Eines der jüngsten Opfer war der Qassam-Kommandeur in Tulkarem, Ihab Abu Atiwi, der im Lager Nur Shams durch einen Luftangriff getötet wurde.
Zum Zeitpunkt dieses Berichts wurden über 100 Häuser zerstört, Familien vertrieben und die Infrastruktur systematisch zerstört. Die Mahyoub-Straße in Dschenin und das Stadtzentrum von Tulkarem wurden gezielt vernichtet – ein Hinweis auf eine langfristige Besatzungsstrategie, die sich gegen die Hochburgen des Widerstands richtet.
Die Offensive weitet sich aus: Angriff auf Tulkarem
Am 27. Januar begann Israel eine Großoffensive auf Tulkarem und seine beiden Flüchtlingslager, indem es die in Dschenin eingesetzten Taktiken übernahm.
- Zivilisten wurden mit vorgehaltener Waffe vertrieben, insbesondere in den Vierteln Flughafen und Hanoune-Platz.
- Scharfschützen besetzten Hochhäuser, der Strom wurde abgestellt, und
- Krankenhäuser, darunter das Martyr Thabet Thabet Governmental Hospital und das Al-Israa Specialized Hospital, wurden belagert, wodurch die medizinische Versorgung massiv behindert wurde.
Israelische Bulldozer setzten die systematische Zerstörung der Infrastruktur fort, während neue Kontrollpunkte und Straßensperren die Bewegungsfreiheit im besetzten Westjordanland weiter einschränken. Insgesamt gibt es nun 898 militärische Kontrollpunkte und Sperren, darunter 18 neu installierte Eisentore, die die Bewegungsfreiheit der Palästinenser erheblich einschränken.

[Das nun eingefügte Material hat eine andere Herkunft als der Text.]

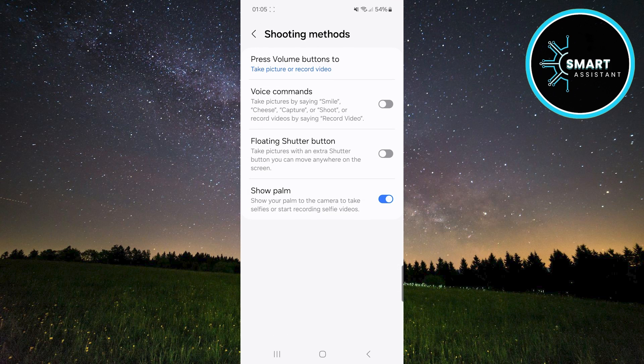Now, tap the switch next to the voice command option to activate it. Once enabled, the camera will recognize voice commands such as "Smile," "Cheese," "Capture," or "Shoot" for taking photos.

Das Ausmaß der Zerstörung in Tulkarem, darunter weit verbreitete Hauszerstörungen und Straßensperren, spiegelt das Schicksal von Dschenin wider.
Israels „Eiserne Mauer“-Strategie nimmt Gestalt an
Mit der Ausweitung der Militäroperationen beginnt Israels „Eiserne Mauer“-Strategie im besetzten Westjordanland immer deutlicher sichtbar zu werden.
Falls diese Kampagne tatsächlich eine kleinere Wiederholung der „Eisernen Schwerter“-Operation ist, bestätigt sie eine lang gehegte Befürchtung:
Es handelt sich um eine methodische Strategie – koordiniert mit der PA, um den Widerstand durch Belagerung, Vertreibung und Zerstörung zu schwächen.
Die Frage ist nicht mehr, ob Israel eine dauerhafte Präsenz im besetzten Westjordanland plant – sondern wie viel davon es sich einverleiben will.